Mintz & Flynn point out how reductionism is frequently used to explain all the factors involved in treatment. Though it helps in explaining how mental illness is in part a change in the biology of their brain it is incomplete as it ignores the patient’s role in recovery. The role of the patient is not confined to just being adherent to take medications, but also taking steps to take charge of their medical care, social, and work spheres. Personal responsibility should not be underestimated. This instills hope, as you are bringing back the control into the patient’s hands making them the most important agent of change.
STEPS FOR PATIENT-PHYSICIAN COLLABORATION:
1 Empathize with the illness/suffering and the resulting need for treatment.

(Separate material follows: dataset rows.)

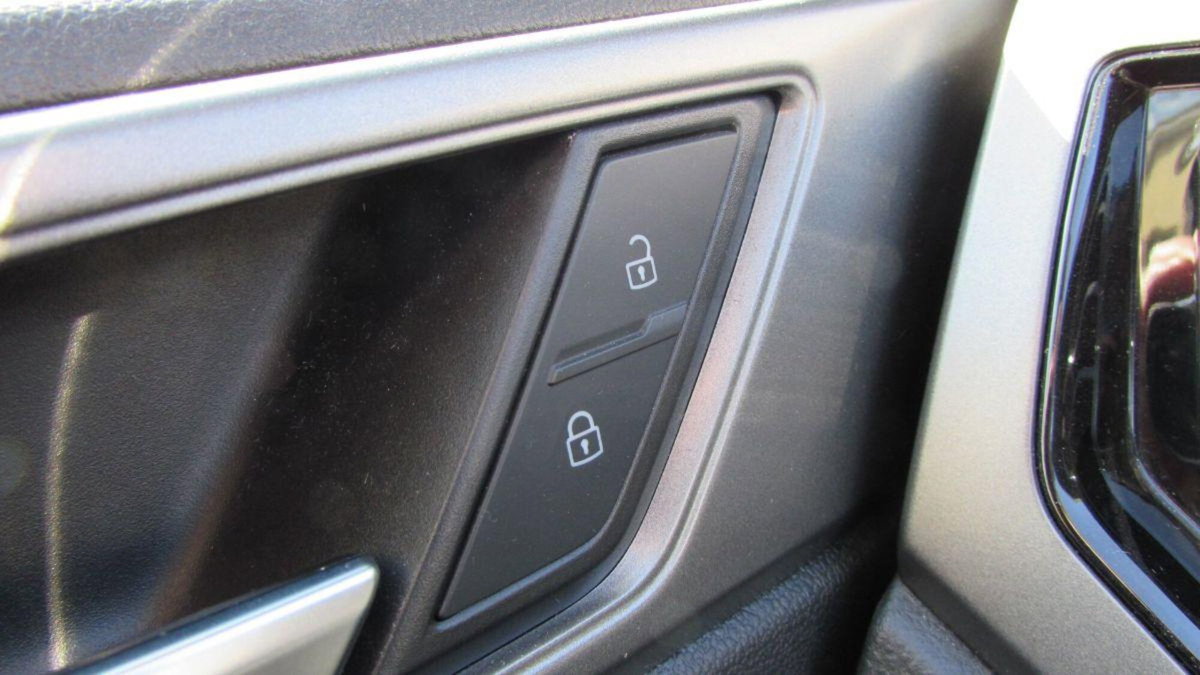 Volkswagen Polo 1.0 tsi R-Line 95cv (20)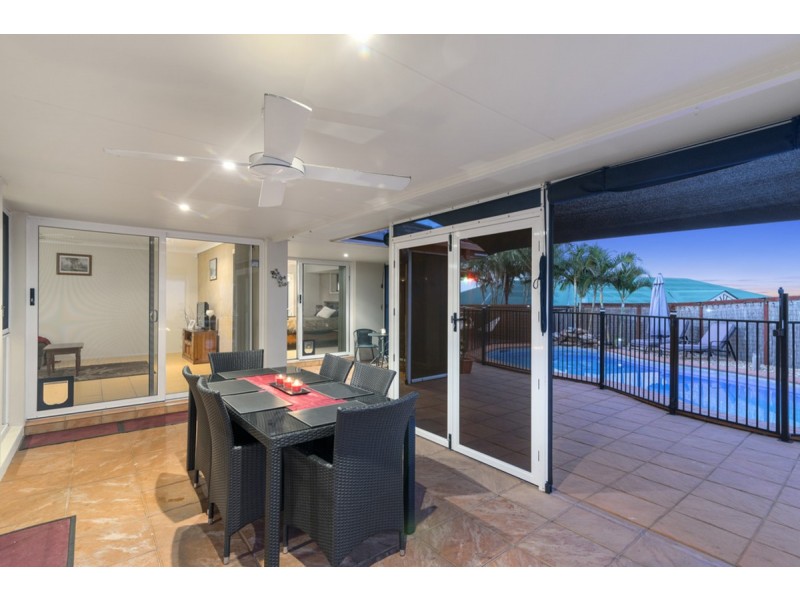 6 Kanton Place, Pacific Pines QLD 4211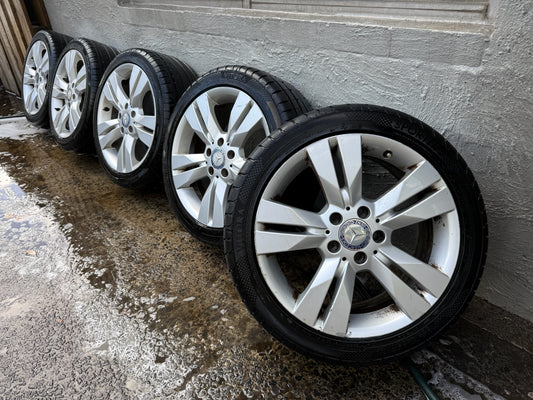 Mercedes Benz C Class 17” Staggered Alloy Wheels with Good Tyres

2 Identify the patient’s goals and align treatment goals with those of the patients’.
3 Empathize with the wish to not need medication or avoid dependency.
4 Set up an open dialogue, genuinely help the patient be involved in decision making.
5 Discuss how medications/treatment will assist in achieving the goals of the patient.
6 Discuss how your goals as a psychiatrist are not medication adherence, but in fact, the patient’s improved functioning.
7 Constantly engage patients in providing feedback and accept negative feedback about medication/treatment so it can be fine-tuned in each individual case.
References:
1. Mintz DL, Flynn DF: How (Not what) to Prescribe: Non-Pharmacologic
Aspects of Psychopharmacology. Psychiatric Clinics of North America 2012; 35: 143-163.
2. Bellak, L. E. (1964). Handbook of community psychiatry and community mental health.